BEGIN

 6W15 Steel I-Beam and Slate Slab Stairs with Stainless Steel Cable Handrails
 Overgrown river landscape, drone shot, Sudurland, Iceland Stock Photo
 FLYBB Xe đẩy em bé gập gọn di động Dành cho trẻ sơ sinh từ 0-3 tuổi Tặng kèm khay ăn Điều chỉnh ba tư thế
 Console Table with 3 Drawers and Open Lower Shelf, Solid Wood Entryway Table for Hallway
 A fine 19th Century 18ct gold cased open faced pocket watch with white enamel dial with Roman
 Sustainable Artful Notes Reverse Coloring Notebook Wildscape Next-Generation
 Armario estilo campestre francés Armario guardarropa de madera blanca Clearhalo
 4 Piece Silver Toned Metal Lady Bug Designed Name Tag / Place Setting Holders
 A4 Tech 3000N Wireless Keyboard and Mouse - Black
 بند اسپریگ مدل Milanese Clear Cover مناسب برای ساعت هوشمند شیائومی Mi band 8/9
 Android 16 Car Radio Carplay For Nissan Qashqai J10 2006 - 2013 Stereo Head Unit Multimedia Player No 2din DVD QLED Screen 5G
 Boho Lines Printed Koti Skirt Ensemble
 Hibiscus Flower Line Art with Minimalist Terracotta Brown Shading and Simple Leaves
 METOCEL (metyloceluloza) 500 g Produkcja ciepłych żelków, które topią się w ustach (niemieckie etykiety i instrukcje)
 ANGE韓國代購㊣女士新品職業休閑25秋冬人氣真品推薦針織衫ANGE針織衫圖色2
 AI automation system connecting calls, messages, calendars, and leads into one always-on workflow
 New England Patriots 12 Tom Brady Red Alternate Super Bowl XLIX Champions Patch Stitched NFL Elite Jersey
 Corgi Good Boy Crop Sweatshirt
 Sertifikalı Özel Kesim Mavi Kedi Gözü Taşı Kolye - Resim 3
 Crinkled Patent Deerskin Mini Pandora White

END

* [What to produce] Each line of the material above must be reproduced exactly.

* [Response box]
 6W15 Steel I-Beam and Slate Slab Stairs with Stainless Steel Cable Handrails
 Overgrown river landscape, drone shot, Sudurland, Iceland Stock Photo
 FLYBB Xe đẩy em bé gập gọn di động Dành cho trẻ sơ sinh từ 0-3 tuổi Tặng kèm khay ăn Điều chỉnh ba tư thế
 Console Table with 3 Drawers and Open Lower Shelf, Solid Wood Entryway Table for Hallway
 A fine 19th Century 18ct gold cased open faced pocket watch with white enamel dial with Roman
 Sustainable Artful Notes Reverse Coloring Notebook Wildscape Next-Generation
 Armario estilo campestre francés Armario guardarropa de madera blanca Clearhalo
 4 Piece Silver Toned Metal Lady Bug Designed Name Tag / Place Setting Holders
 A4 Tech 3000N Wireless Keyboard and Mouse - Black
 بند اسپریگ مدل Milanese Clear Cover مناسب برای ساعت هوشمند شیائومی Mi band 8/9
 Android 16 Car Radio Carplay For Nissan Qashqai J10 2006 - 2013 Stereo Head Unit Multimedia Player No 2din DVD QLED Screen 5G
 Boho Lines Printed Koti Skirt Ensemble
 Hibiscus Flower Line Art with Minimalist Terracotta Brown Shading and Simple Leaves
 METOCEL (metyloceluloza) 500 g Produkcja ciepłych żelków, które topią się w ustach (niemieckie etykiety i instrukcje)
 ANGE韓國代購㊣女士新品職業休閑25秋冬人氣真品推薦針織衫ANGE針織衫圖色2
 AI automation system connecting calls, messages, calendars, and leads into one always-on workflow
 New England Patriots 12 Tom Brady Red Alternate Super Bowl XLIX Champions Patch Stitched NFL Elite Jersey
 Corgi Good Boy Crop Sweatshirt
 Sertifikalı Özel Kesim Mavi Kedi Gözü Taşı Kolye - Resim 3
 Crinkled Patent Deerskin Mini Pandora White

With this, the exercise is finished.